DATA EXCERPTS:
▼
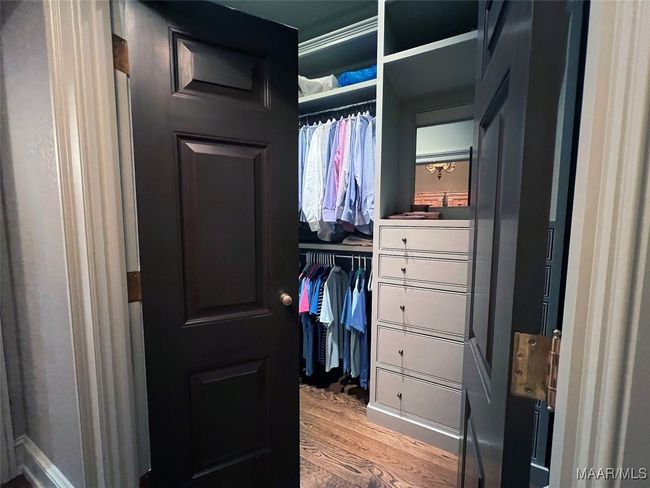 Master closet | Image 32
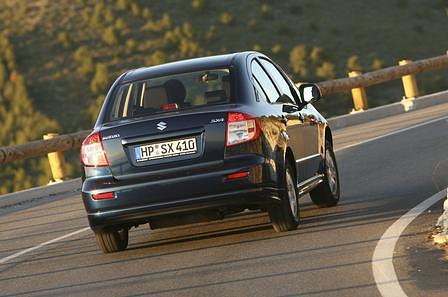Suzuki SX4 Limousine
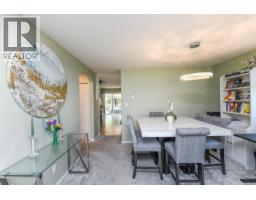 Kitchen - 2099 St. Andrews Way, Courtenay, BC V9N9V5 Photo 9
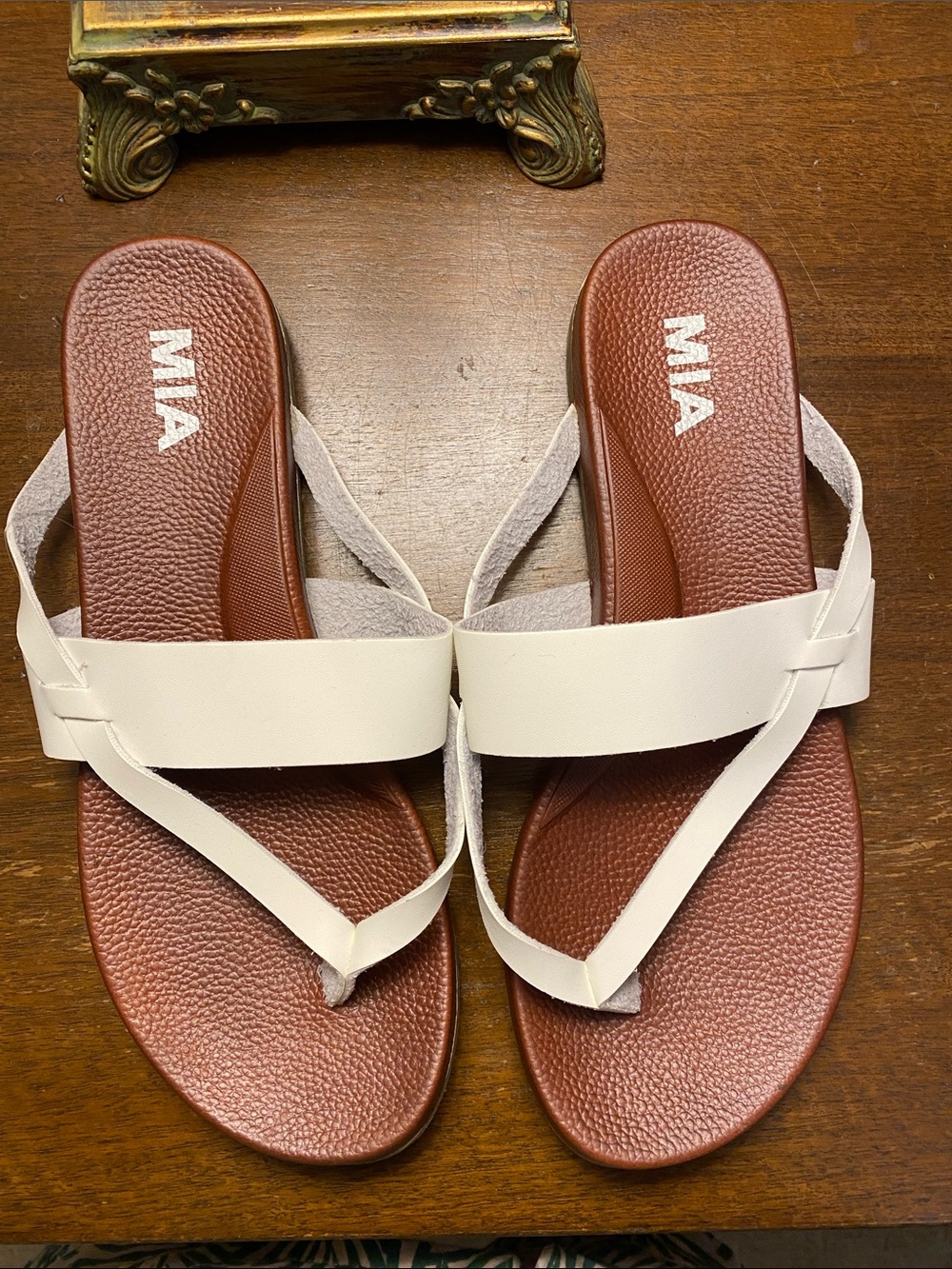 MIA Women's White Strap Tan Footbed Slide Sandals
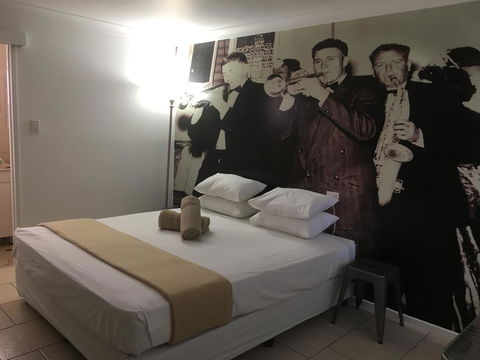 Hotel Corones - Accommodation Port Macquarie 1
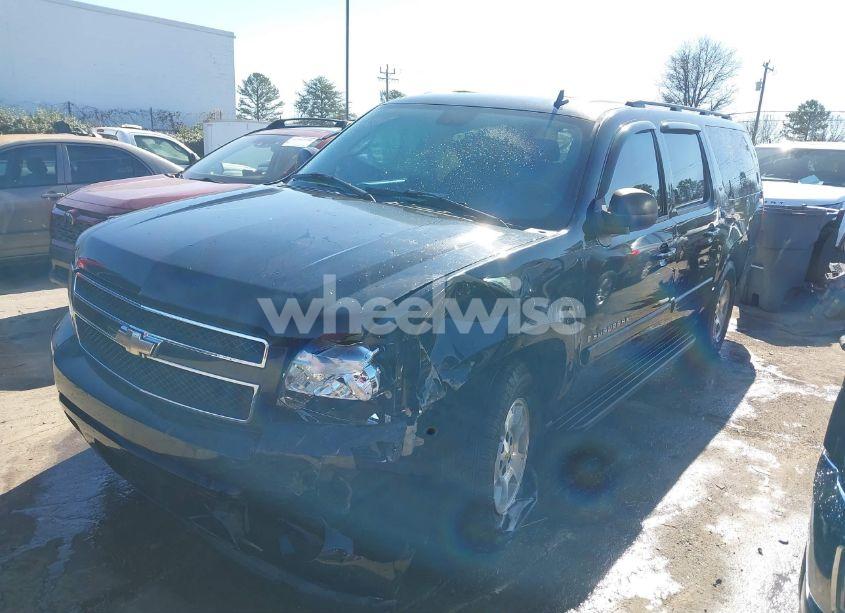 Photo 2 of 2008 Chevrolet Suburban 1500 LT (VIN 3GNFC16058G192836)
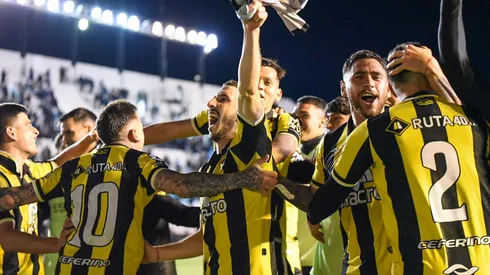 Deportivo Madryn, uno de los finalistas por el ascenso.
▲
▼
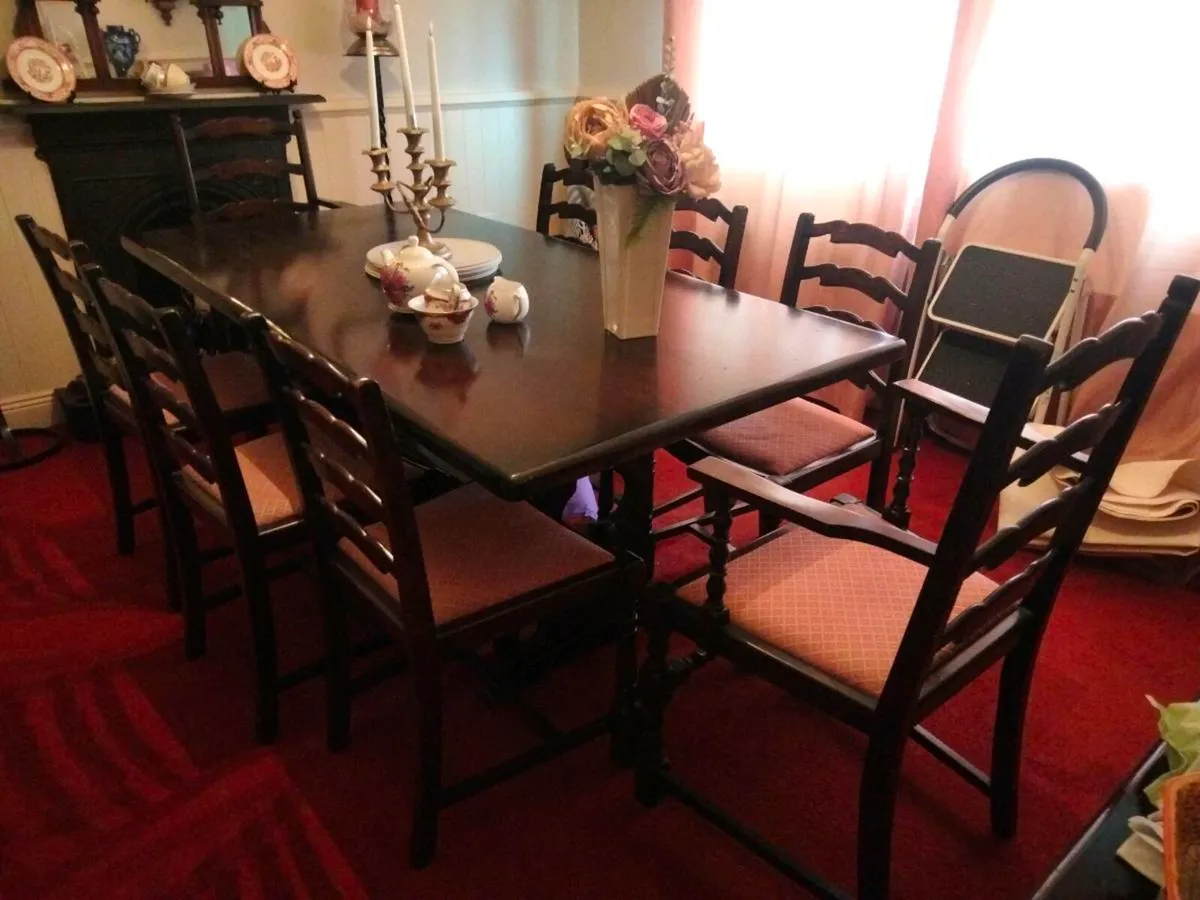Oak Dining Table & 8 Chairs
▲
▼
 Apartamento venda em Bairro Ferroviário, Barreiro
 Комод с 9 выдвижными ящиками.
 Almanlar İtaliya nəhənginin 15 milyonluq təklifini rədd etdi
▲
EXERCISE DETAILS: Look through the data above and return exactly the lines from the one that contains "Apartamento venda em" to the one that contains "Almanlar İtaliya nəhənginin", inclusive, with nothing else.

SOLUTION:
 Apartamento venda em Bairro Ferroviário, Barreiro
 Комод с 9 выдвижными ящиками.
 Almanlar İtaliya nəhənginin 15 milyonluq təklifini rədd etdi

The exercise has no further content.